Der Buffer wird zwischen den Frames von einem anderen Thread (außerhalb des GL-Contexts) verändert.

Leider ist diese Methode wesentlich langsamer als Immediate-Mode und ich denke ich mache irgendetwas grundlegend falsch. Sollte man nur einen VBO für alle Objekte verwenden? Hab was von VBO-Mapping gelesen, aber auch, dass davon abgraten wird.

Wäre für Hilfe sehr dankbar!
-Luk10-


----------



## Marco13 (8. Mai 2012)

Warum abgeraten? Dieses Update war auch das erste, was mir suspekt erschien. Das Mapping würde man mit glMapBuffer machen, wo man dann einen ByteBuffer bekommt, den man asFloatBuffer ansehen und mit dem gegebenen Buffer füllen kann - das sollte sehr schnell gehen. (Unter Umständen (! das muss man sich genau überlegen!) kann man sich dann auch den zweiten Buffer schenken, falls der synchron zu einem bestimmten Zeitpunkt gefüllt werden kann - aber so eine Entkopplung ist meistens nicht verkehrt, deswegen würde man ihn wohl erstmal drin lassen). 

Und das was Fancy da unter mir schreibt solltest du natürlich auch berücksichtigen! :smoke:


----------



## Luk10 (8. Mai 2012)

Also kann man schon mit einem VBO pro Drawable-Objekt arbeiten?

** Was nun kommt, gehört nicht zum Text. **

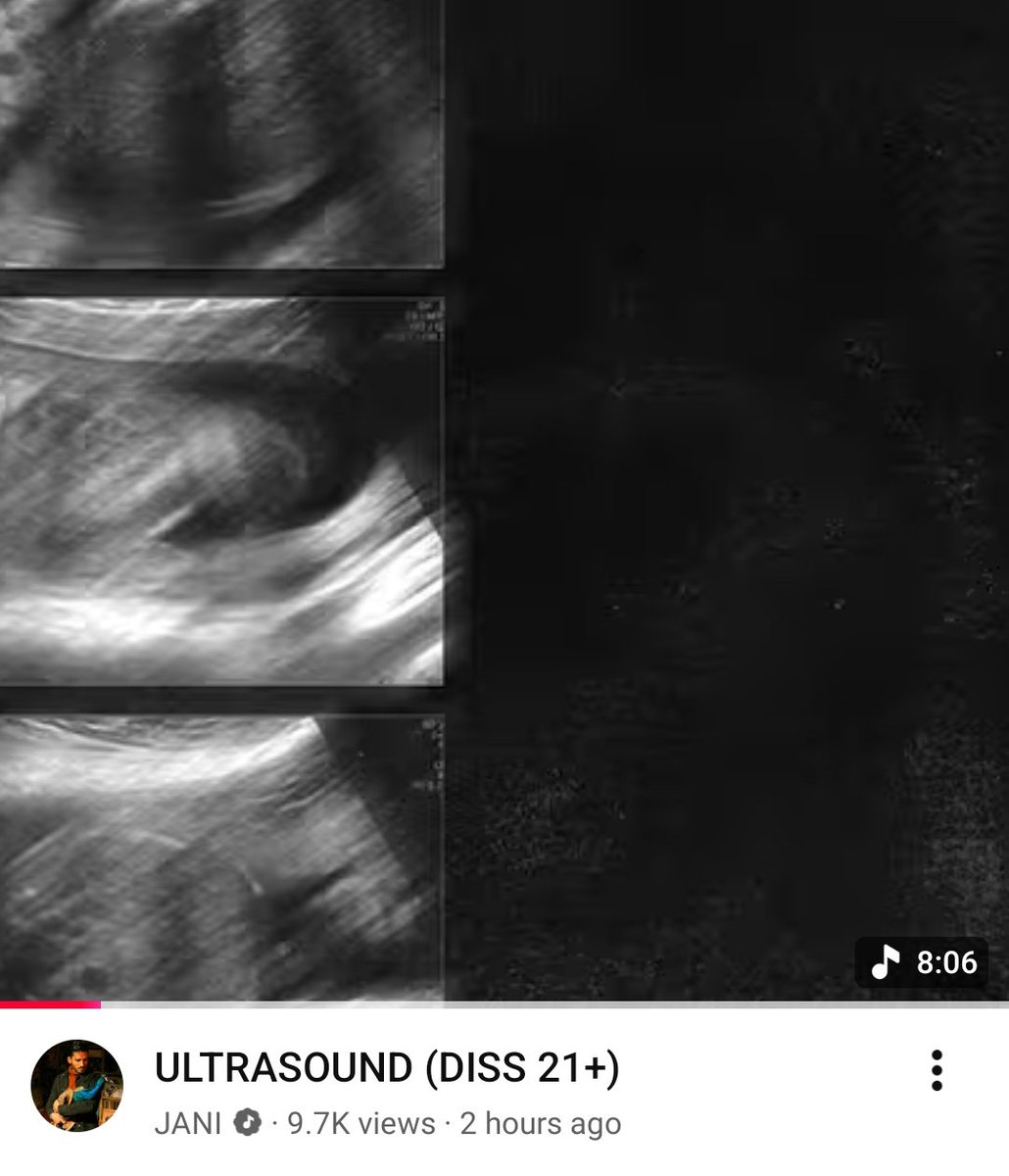 prashantgodaraa's tweet photo. Bhai kyun bna rha hai diss, jab tujhse likha aur gaaya dono hee nhi ho rha hai, isse jyada rhymes mei toh mei meri script pdhta hu, kya hee below average diss tha,I think you should quit music ASAP!! https://t.co/d8r50s7UxI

Sind Buffer Thread-Safe? Also kann nur ein Thread drauf zugreifen, oder muss man das selber machen?


----------



## Marco13 (8. Mai 2012)

Was meinst du mit "einem VBO pro Drawable-Objekt"? Ein Objekt kann auch aus mehreren VBOs bestehen, z.B. eins für die Vertices und eins für die Normalen. Man kann die Daten aber auch "interleaved" in einen Buffer packen. (@Fancy: Gibt's einen Grund, warum man das machen sollte? Ich finde einzelne VBOs praktischer ... )

Buffer sind nicht thread-safe. Und bei GL ist's noch kritischer: Man sollte sich diesen Buffer, den man da bekommt, NICHT zwischenspeichern oder so, und ihn auch NUR von dem Thread (und am besten der Methode) aus verwenden, wo man das glMapBuffer durchgeführt hat. Man sollte nach dem Mappen nämlich so schnell wie möglich wieder ein Unmap machen, und dadurch würde der Buffer auf eine Art und Weise ungültig, die Java eigentlich nicht kennt, was zur Folge hat, dass der Versuch, diesen Buffer dann noch zu verwenden, fieseste Crashs verursachen würde...


----------



## Luk10 (8. Mai 2012)

Mit Drawable-Objekten meine ich Objekte, die gezeichnet werden können. Als z.B.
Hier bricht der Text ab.